> Exercise brief
Find "Family Friendly 4" below and begin at its line; stop after the line with "Modern 3-bedroom villa". Output those lines exactly, without pictures.

> Information supplied

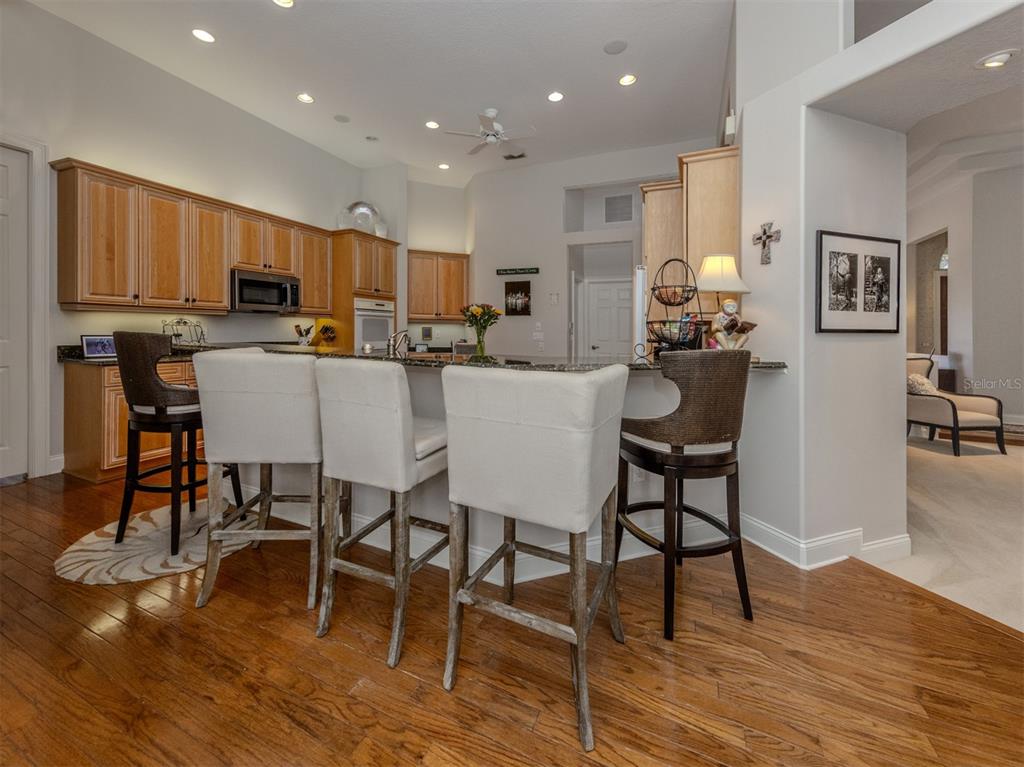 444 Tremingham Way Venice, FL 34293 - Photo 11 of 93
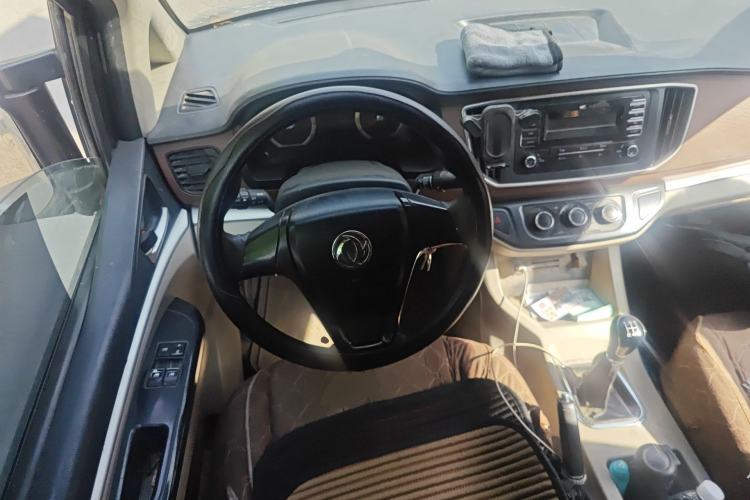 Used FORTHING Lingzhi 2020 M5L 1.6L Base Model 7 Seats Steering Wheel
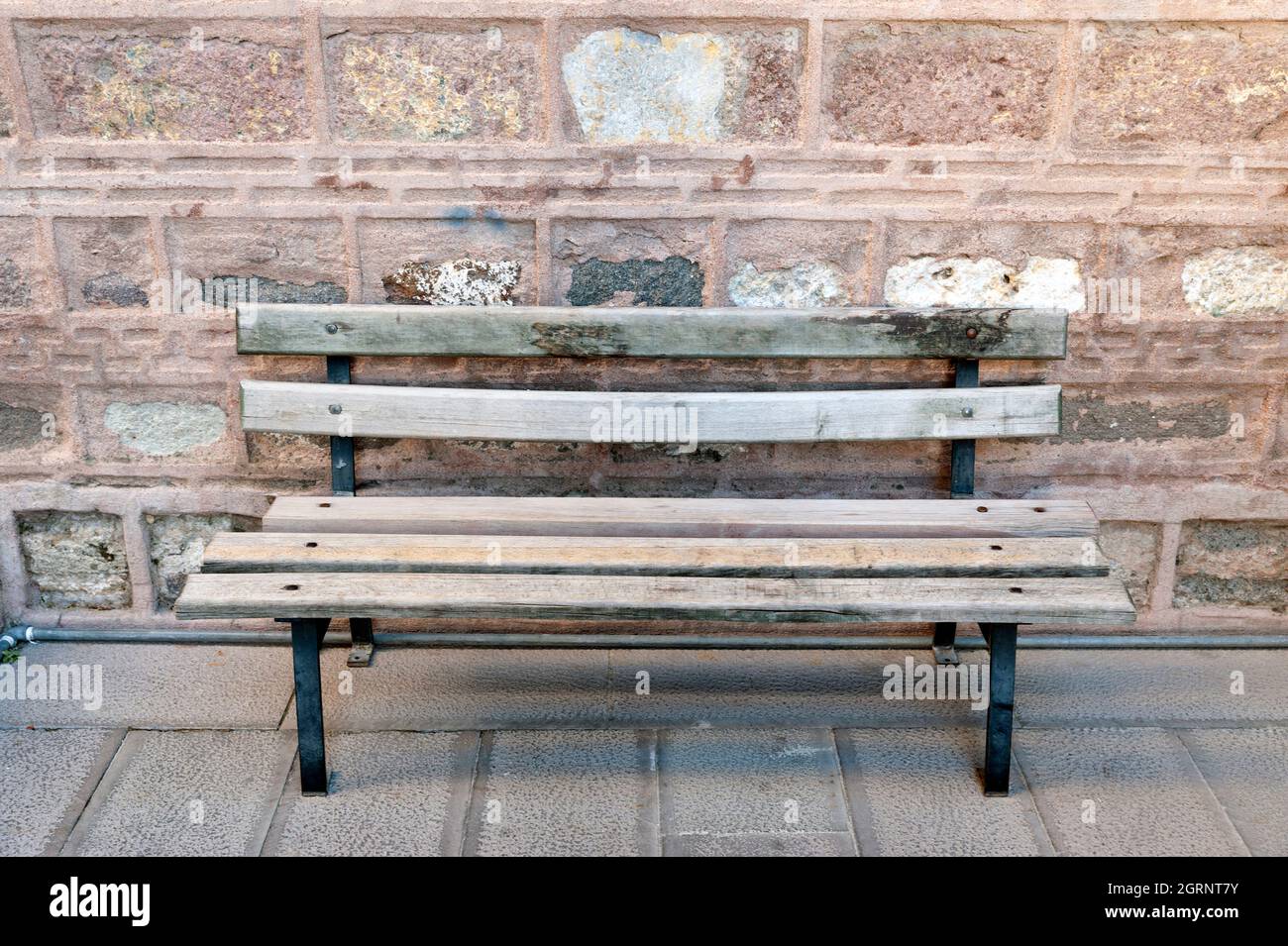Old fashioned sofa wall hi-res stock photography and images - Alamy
---
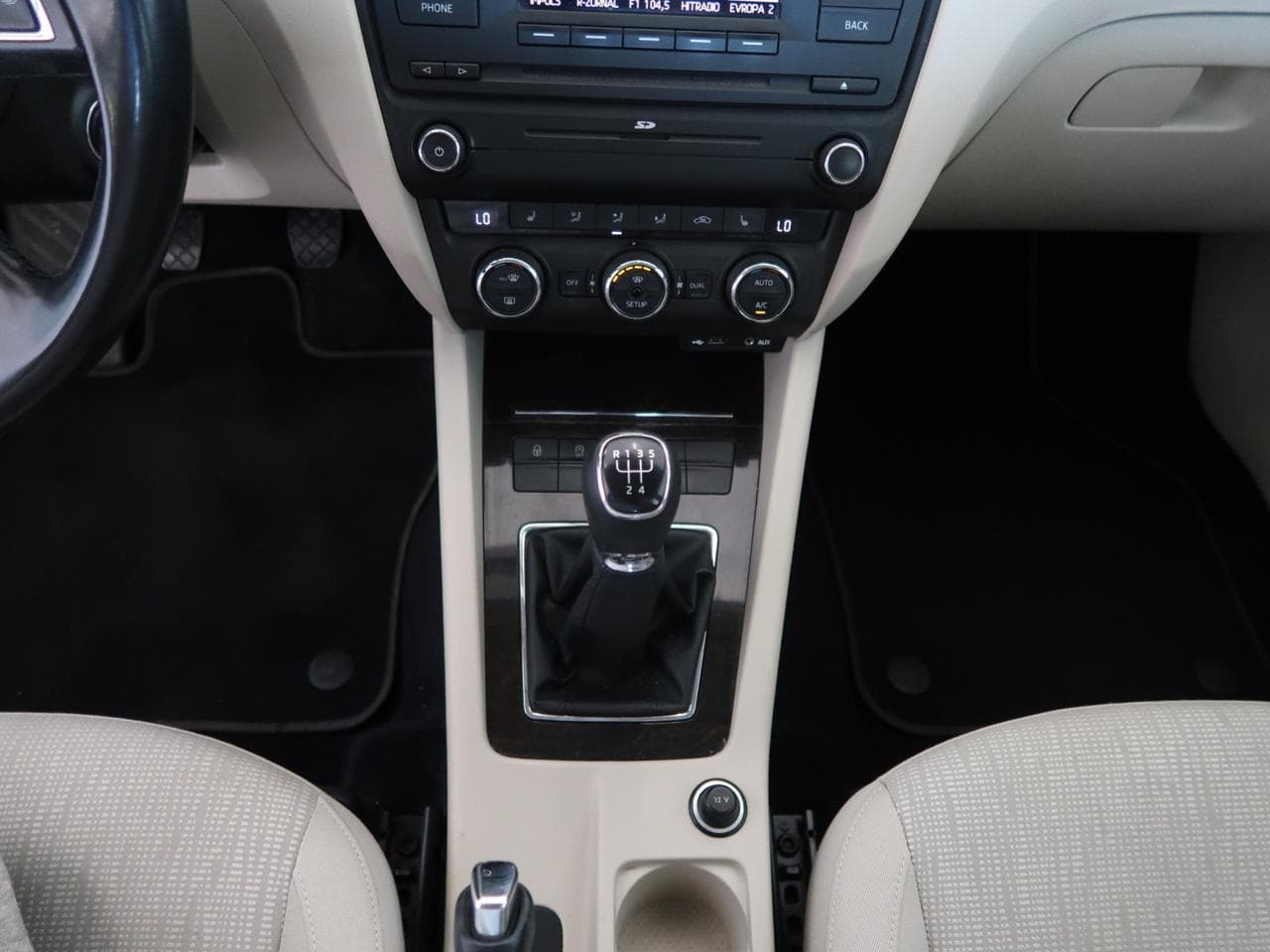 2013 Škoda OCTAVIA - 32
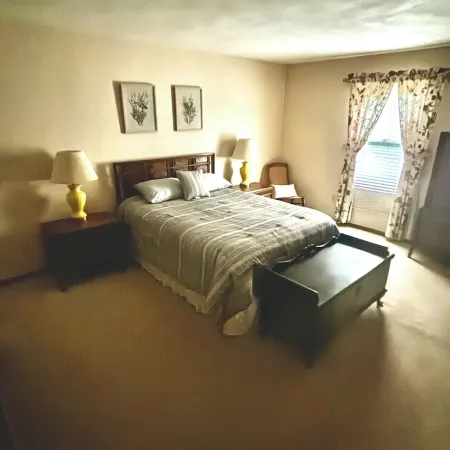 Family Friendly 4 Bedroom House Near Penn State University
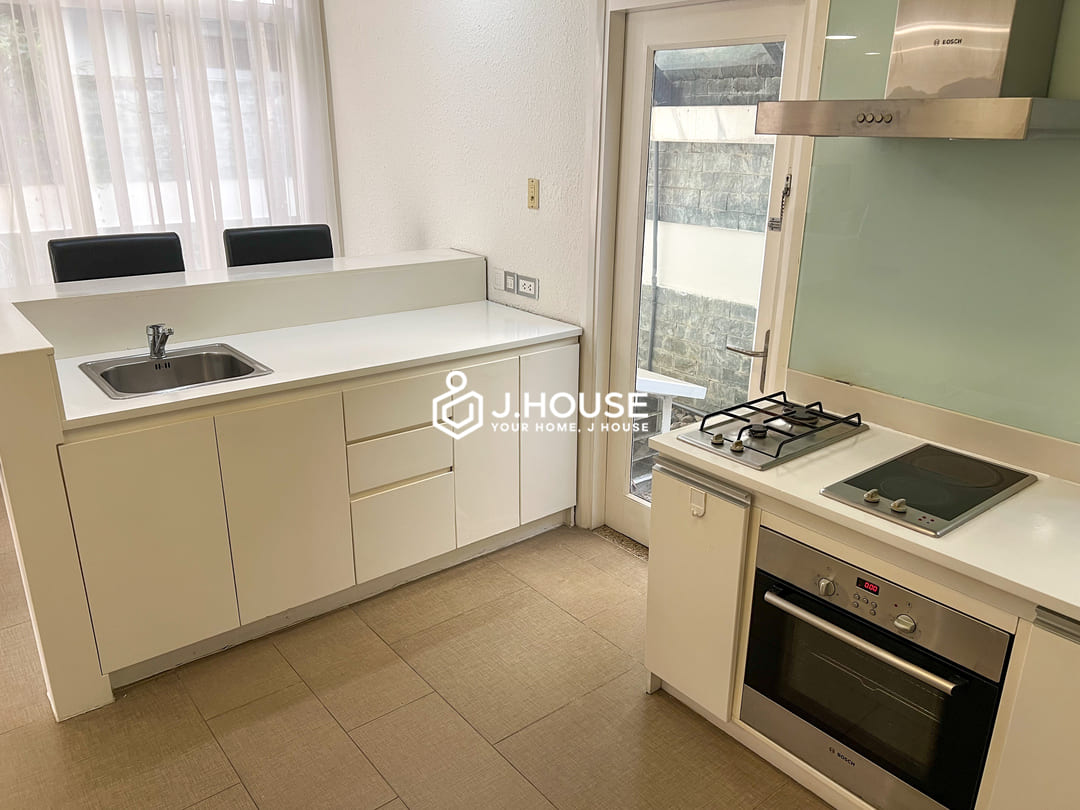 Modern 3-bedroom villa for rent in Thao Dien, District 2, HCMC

> Result
 Family Friendly 4 Bedroom House Near Penn State University
 Modern 3-bedroom villa for rent in Thao Dien, District 2, HCMC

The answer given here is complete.